Литмир - Электронная Библиотека

— Ну, это бабушка еще надвое сказала. В эти “парадоксы времени”, о которых я слышал, мало кто верит, а понимают их еще меньше. Я поговорю в Звездном городке с нашими мудрецами. Впрочем, если сказать по правде, мне перед каждым испытательным или космическим полетом с родными прощаться “навечно” надо было бы.

Проводив гостя, Званцев вдруг почувствовал, как нечто непостижимо огромное накатывается на него. Левая рука заходила сама собой в “дрожащем параличе”, не подчиняясь его напрягшейся воле. Судорогой свело все тело. Неодолимо потянуло лечь на пол. Он только успел крикнуть:

— Таня! Нина! Худо… — и рухнул на ковер.

Испуганные жена и дочь, приехавшая с Урала погостить к отцу, вбежали в кабинет.

Таня тотчас достала из ящика стола “пожарные средства” — люминал и клофелин, передала Нине:

— Положи ему в рот. От эпилепсии и высокого давления.

Нина, склонясь к отцу, пыталась удержать ходившую ходуном его левую руку, приговаривая:

— Ничего, ничего… Сейчас пройдет…

А он уже ничего не слышал и не воспринимал.

Женщины попробовали переложить его на диван, но это оказалось им не под силу.

— Позову кого-нибудь на помощь и вызову “скорую”, — решила Таня.

Позвонила по 03. Ей показалось, что ее бесконечно долго расспрашивают кто и почему вызывает и кто такой потерпевший, и сколько ему лет. Повесив трубку, она высунулась из окна и закричала:

— Алеша, Алеша! Скорей на помощь!..

Алеша Аграновский, сын известного писателя и журналиста, молодой ученый, подъехал на машине пообедать у матери, жившей в этом же подъезде, не поднялся, а взлетел на второй этаж и вбежал в открытую дверь.

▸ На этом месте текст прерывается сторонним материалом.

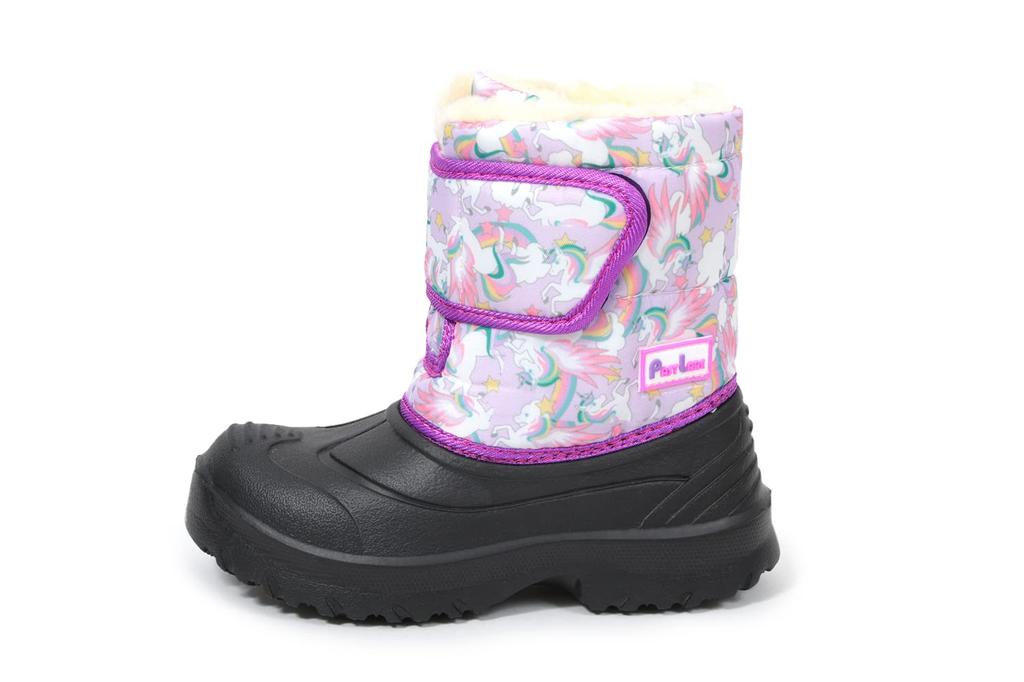 Akiriko Snow Boots, 4cm Waterproof, Boa Cuff, Inner Cushion, Velcro Closure, Girls' Junior Size, Lavender/Purple, 18cm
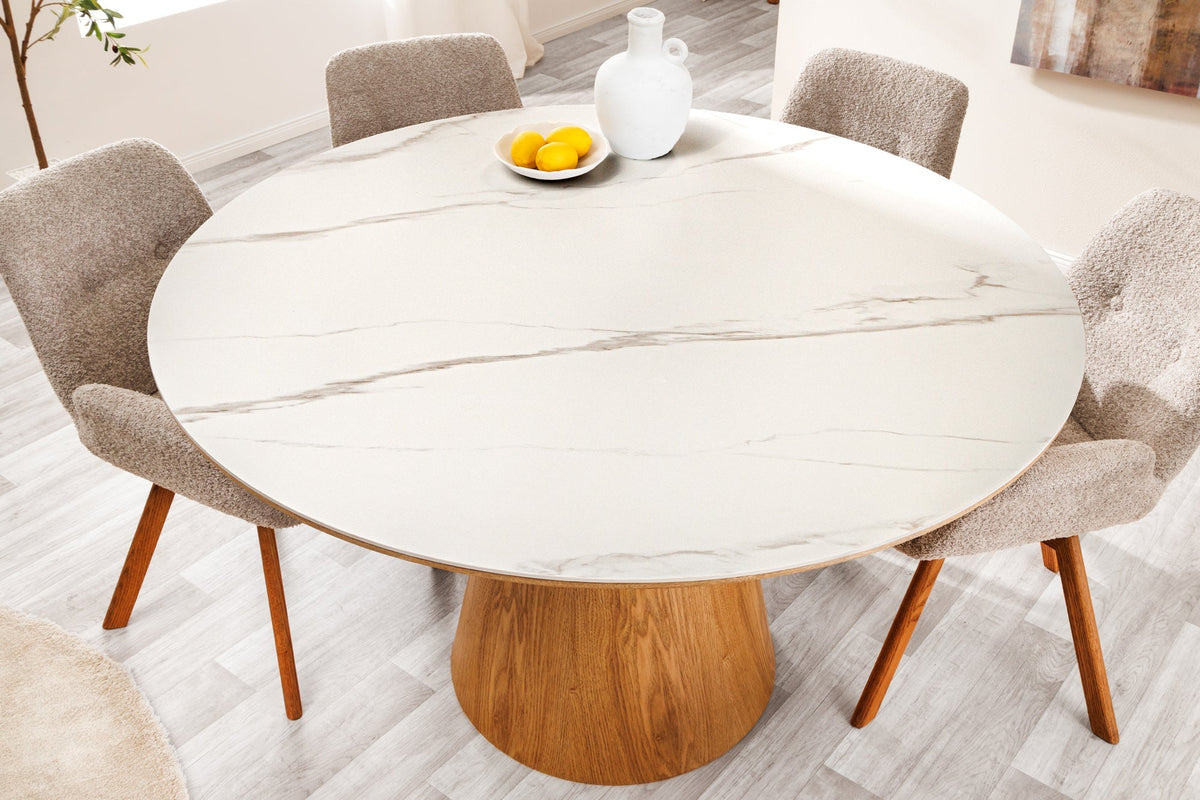Table à manger ronde UNIQUE 120cm bois de chêne naturel blanc céramique base pilier en marbre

Через минуту Званцев общими усилиями был уложен на диван, но в сознание не приходил. На губах его выступила пена.

— Это все от перегрузки. Себя и меня не жалеет. Мало того, что неистово работает, стоя за пишущей машинкой. Принимает посетителей со всего света, — жаловалась Таня.

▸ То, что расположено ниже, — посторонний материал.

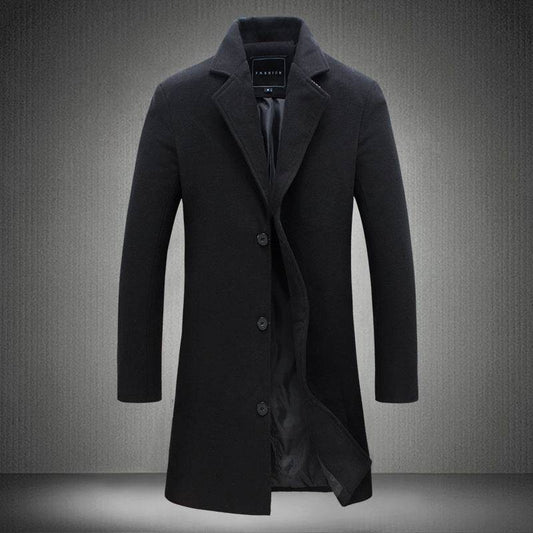 Men's Slim-Fit Woolen Coat - Stylish Mid-Length Trench with Lapel Collar - Buy Center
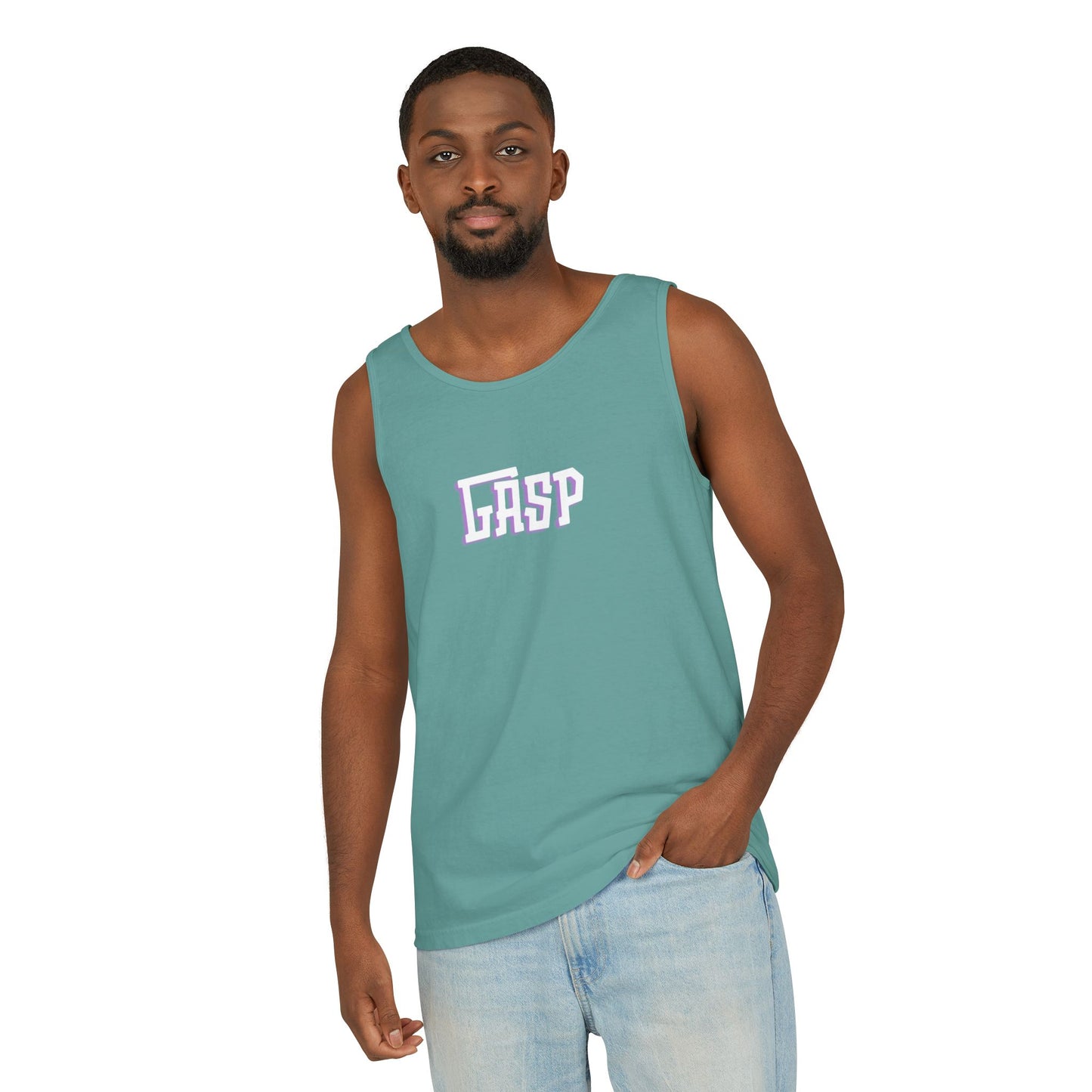 Gasp Letters White Unisex Garment-Dyed Tank Top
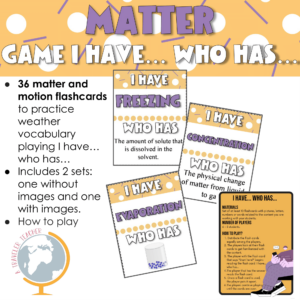 Matter vocabulary game I have... Who has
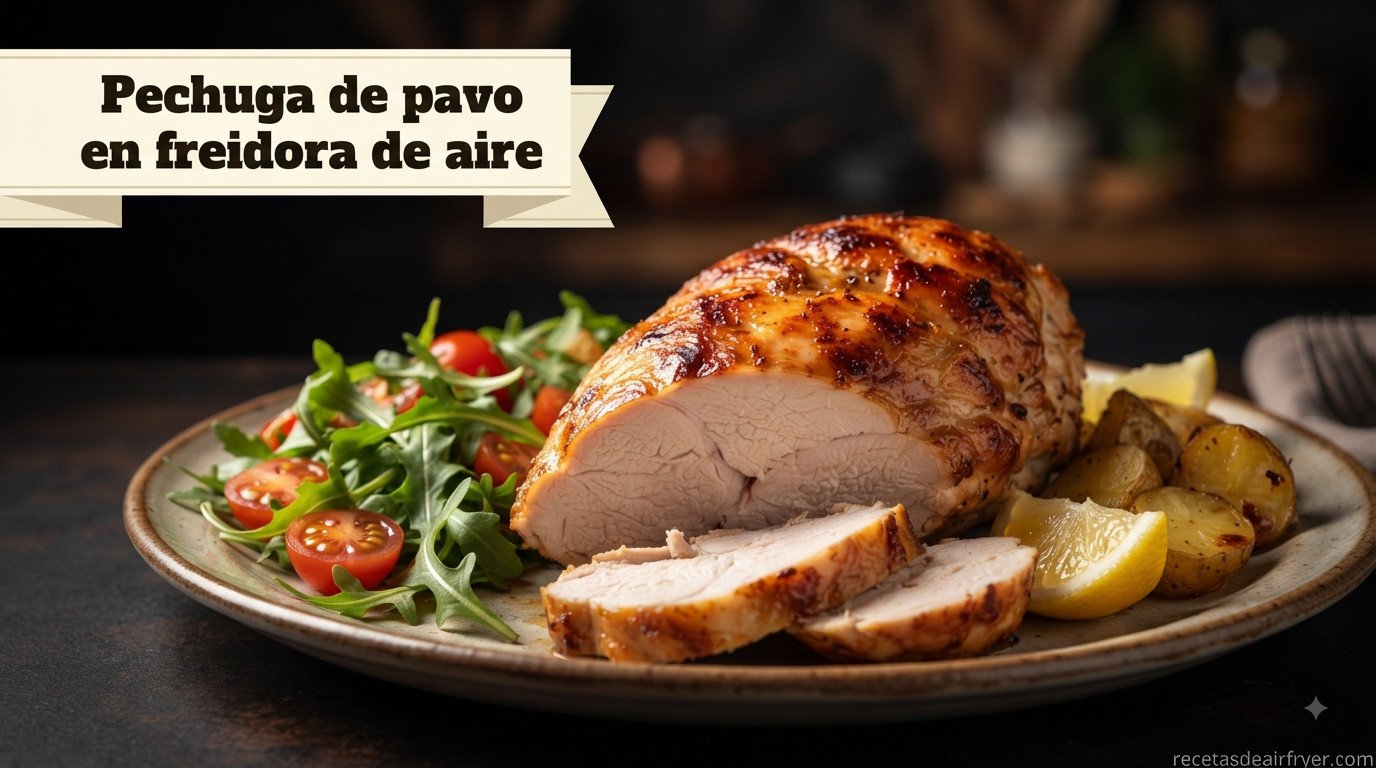 Pechuga de pavo en freidora de aire, jugosa y dorada
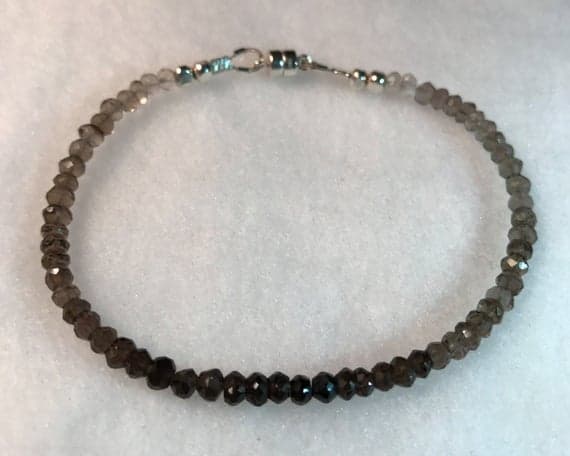 Genuine 4mm Ombre Smoky Quartz gemstone and Karen Hill Tribe sterling silver bracelet with magnetic clasp  Code- WAR6104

— Да вижу, — отозвалась Нина, — на чистой раме Лукьянцевской Галактики прибавилось автографов. Шаляпин, конечно, сын Федора Ивановича, художник из Нью-Йорка, космонавт Береговой и какой-то Томас из Австралии.

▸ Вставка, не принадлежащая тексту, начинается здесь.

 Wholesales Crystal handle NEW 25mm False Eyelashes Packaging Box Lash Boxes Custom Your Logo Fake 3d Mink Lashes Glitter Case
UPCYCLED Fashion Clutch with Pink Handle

— Это Томашевский, уфолог. Итальянец Пинотти тоже уфолог. Больше 200 автографов. И каждый требовал умственного и нервного напряжения. Ну что же “скорая” не едет?

Но Званцев ничего не воспринимал и не пришел в себя, даже когда приехала скорая помощь и ему сделали укол противосудорожного средства и второй для снижения артериального давления.

— И давно это у него? — спросил доктор, пока фельдшер звонил по телефону, получая новое направление.

— После фронтовой контузии, — пояснила Таня. — Он инвалид Великой Отечественной. Писатель.

— Ну, ничего! Петр Первый, без контузии “падучей” страдал. Наполеон тоже ни разу в своих шестидесяти выигранных сражениях ранен не был, а в судорогах корчился, писатель же Флобер тем более. И все они после припадка брались за дело с удвоенной энергией. Положите ему грелку на место укола, чтобы магнезия рассосалась. Она болезненна.

Но Званцев ничего не чувствовал. Не ощущал ни боли, ни заботы любящих женщин, хлопотавших около него.

Ему показалось только, что к дивану подошел Береговой, бодрый, веселый.

— А я явился к вам для исцеления, — шутливо представился он, — и доложить, что командир звездолета Бережной к звездному рейсу готов. Прощаться “навечно” не будем, а скажем “До скорого свидания”.

— И вы уверены в таком возможном свидании?

— А как же! Я все, как положено, выяснил. Когда я у нас о “парадоксах времени” заикнулся, меня на смех подняли. “Ты что, Тимофеевич, — говорят, — тысячу лет прожить хочешь? Богу относительности поклоняешься? Вот и скажи, когда два звездолета разлетаются, каждый со световой скоростью, какая относительная скорость у них будет?” “Как какая? — отвечаю, — Двойная.” “И еще спроси советчика своего как объяснить по Эйнштейну такую нелепицу: “Когда мы тебя в звездный рейс провожаем, ты молодым вернешься, а нас, если застанешь, то дряхлыми стариками. А если по принципу относительности посчитать, что не ты от нас, а мы от тебя на космическом корабле “Земля” со световой скоростью улетаем, то в “Земном корабле” молодыми-то мы должны остаться, а дряхлым, вроде, ты со звездолета сойдешь. Как у крокодила — от хвоста до головы семь аршин, а от головы до хвоста двенадцать! Абсурд, не правда ли? А это в самом принципе относительности заложено. Вот и спроси — как так? Ответить нечего!”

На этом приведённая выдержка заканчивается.